AMC10 2005 B

The scouts bought $1000/5 = 200$ groups of 5 candy bars at a total cost of $200 \cdot 2 = 400$ dollars. They sold $1000/2 = 500$ groups of 2 candy bars for a total of $500 \cdot 1 = 500$ dollars. Their profit was $500 - 400 = 100$.

$\frac{x}{100} \cdot x = 4$, so $x^2 = 400$. Because $x > 0$, it follows that $x = 20$.

(D) After the first day, $1-\frac{1}{3}=\frac{2}{3}$ of the paint remains. On the second day, $\frac{1}{3}\cdot\frac{2}{3}=\frac{2}{9}$ of the paint is used. So for the third day $1-\frac{1}{3}-\frac{2}{9}=\frac{4}{9}$ of the original gallon of paint is available.

(D) It follows from the definition that $$(5\diamond 12)\diamond((-12)\diamond(-5))=\sqrt{5^2+12^2}\diamond\sqrt{(-12)^2+(-5)^2}$$ $$=13\diamond 13=\sqrt{13^2+13^2}=13\sqrt{2}.$$

The number of CDs that Brianna will finally buy is three times the number she has already bought. The fraction of her money that will be required for all the purchases is $(3)(\frac{1}{5}) = \frac{3}{5}$. The fraction she will have left is $1 - \frac{3}{5} = \frac{2}{5}$.

To earn an A on at least 80% of her quizzes, Lisa needs to receive an A on at least $(0.8)(50) = 40$ quizzes. Thus she must earn an A on at least $40 - 22 = 18$ of the remaining 20. So she can earn a grade lower than an A on at most 2 of the remaining quizzes.

(B) Let the radius of the smaller circle be \(r\). Then the side length of the smaller square is \(2r\). The radius of the larger circle is half the length of the diagonal of the smaller square, so it is \(\sqrt{2}r\). Hence the larger square has sides of length \(2\sqrt{2}r\). The ratio of the area of the smaller circle to the area of the larger square is therefore \[ \frac{\pi r^2}{(2\sqrt{2}r)^2}=\frac{\pi}{8}. \]

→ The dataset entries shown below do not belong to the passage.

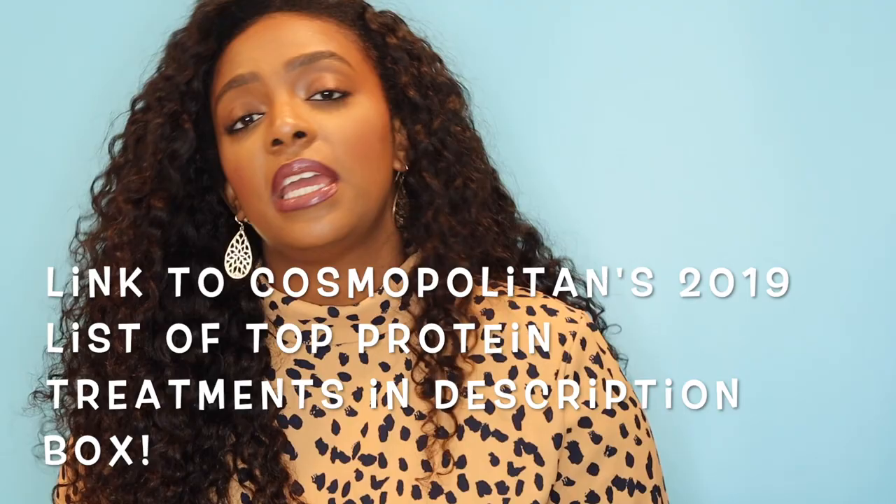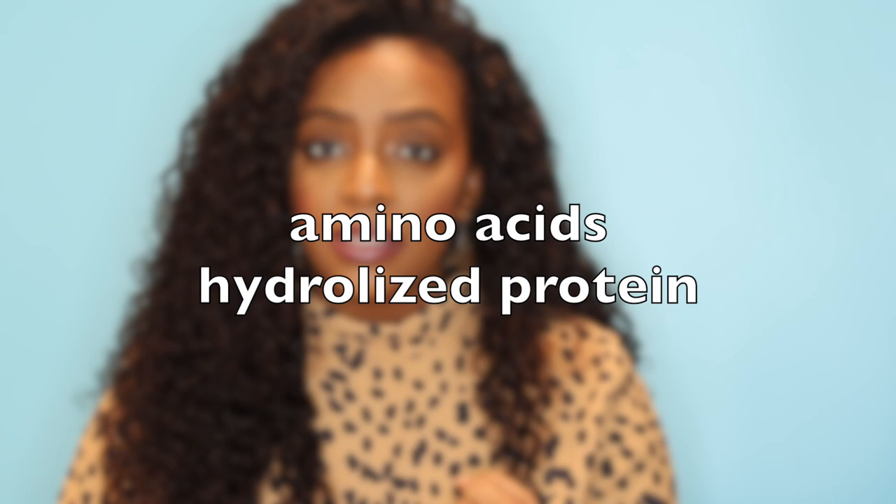Protein treatments are something you should regularly include in your hair regimen. They temporarily improve the elasticity of your hair, the strength, the shine, and the movability. When you're getting these protein treatments, you're getting a product that contains ingredients like amino acids and hydrolyzed protein — which is basically a smaller-size protein that's easily absorbed into the hair shaft. You might see it in the form of vegetable protein or wheat protein.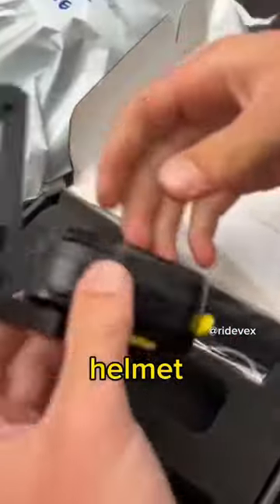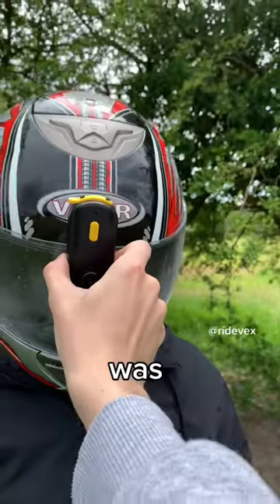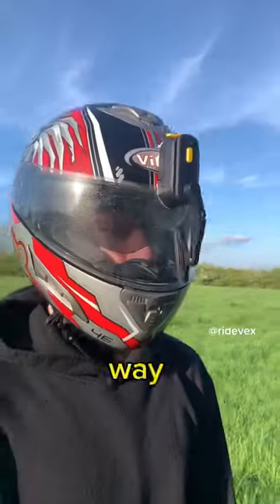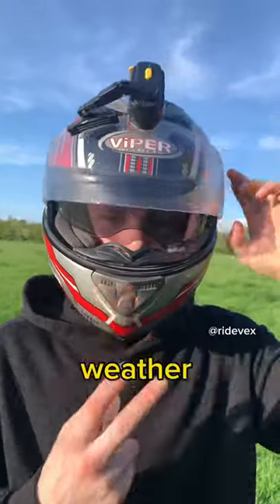So I tested out the Viral Electric Helmet Wiper. It was super easy to install. After installing the mount, all I had to do was slide the wiper onto the helmet. It worked way better than I was expecting. It completely cleared my visor and made riding in bad weather feel a lot safer.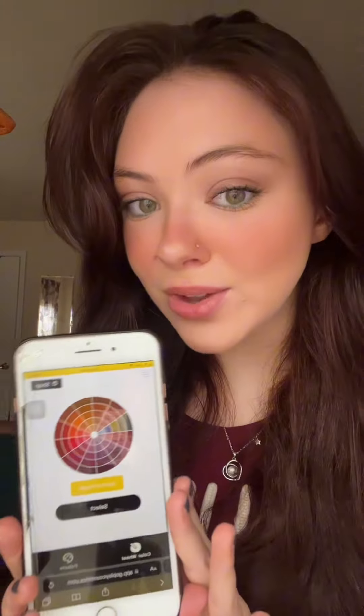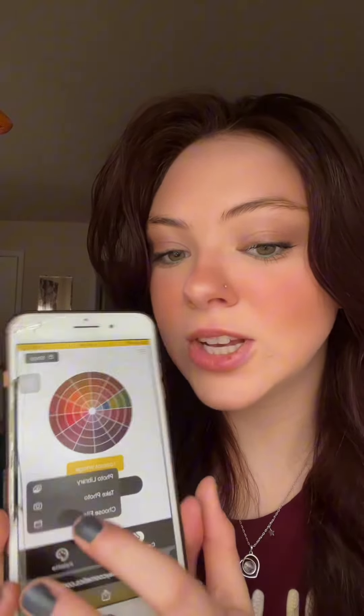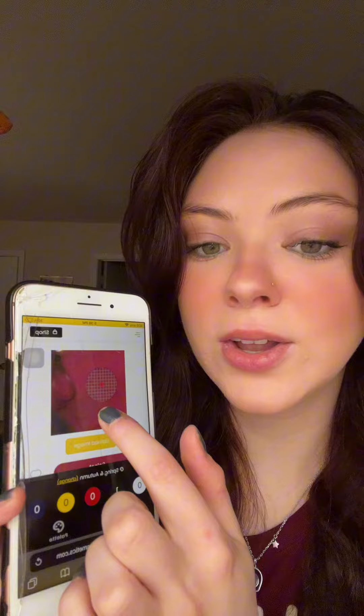Today I'm going to be trying out the viral GoPlace Cosmetics Lips Kit. On their website they have an app where you can upload an image, click upload image, and basically pick the color you want. I took a picture of my shirt because I want to try to match the color with my shirt. You just drag it around and get the color you want.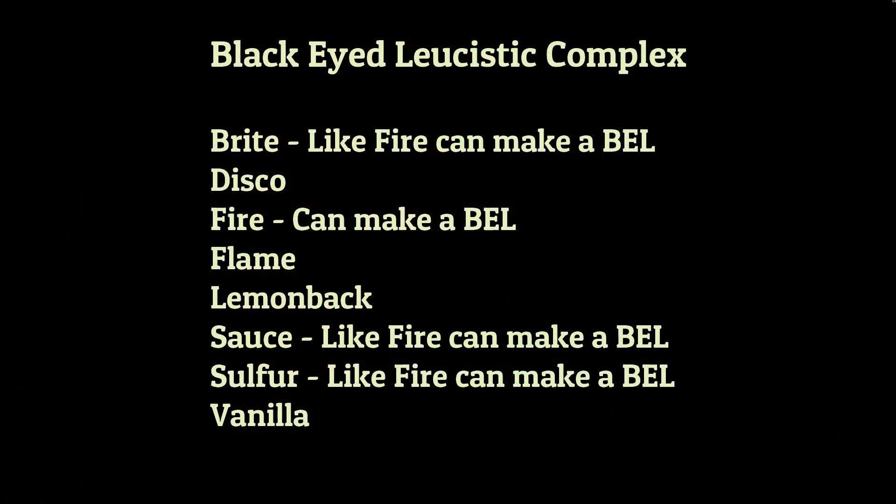Hi guys, it's Rob from Royal Balls. Another short video for you guys, this time on the black-eyed leucistic complex. Looking down the list of genes here, some of these may actually be fairly unfamiliar to many of you.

(A) The four white quarter circles in each tile have the same area as a whole circle of radius \$1/2\$, that is, \$\pi(1/2)^2=\pi/4\$ square feet. So the area of the shaded portion of each tile is \$1-\pi/4\$ square feet. Since there are \$8\cdot10=80\$ tiles in the entire floor, the area of the total shaded region in square feet is \[ 80\left(1-\frac{\pi}{4}\right)=80-20\pi. \]

An odd sum requires either that the first die is even and the second is odd or that the first die is odd and the second is even. The probability is $\frac{1}{3} \cdot \frac{1}{3} + \frac{2}{3} \cdot \frac{2}{3} = \frac{1}{9} + \frac{4}{9} = \frac{5}{9}$.

Let $\overline{CH}$ be an altitude of $\triangle ABC$. Applying the Pythagorean Theorem to $\triangle CHB$ and to $\triangle CHD$ produces $8^2 - (BD + 1)^2 = CH^2 = 7^2 - 1^2 = 48$, so $(BD + 1)^2 = 16$. Thus $BD = 3$.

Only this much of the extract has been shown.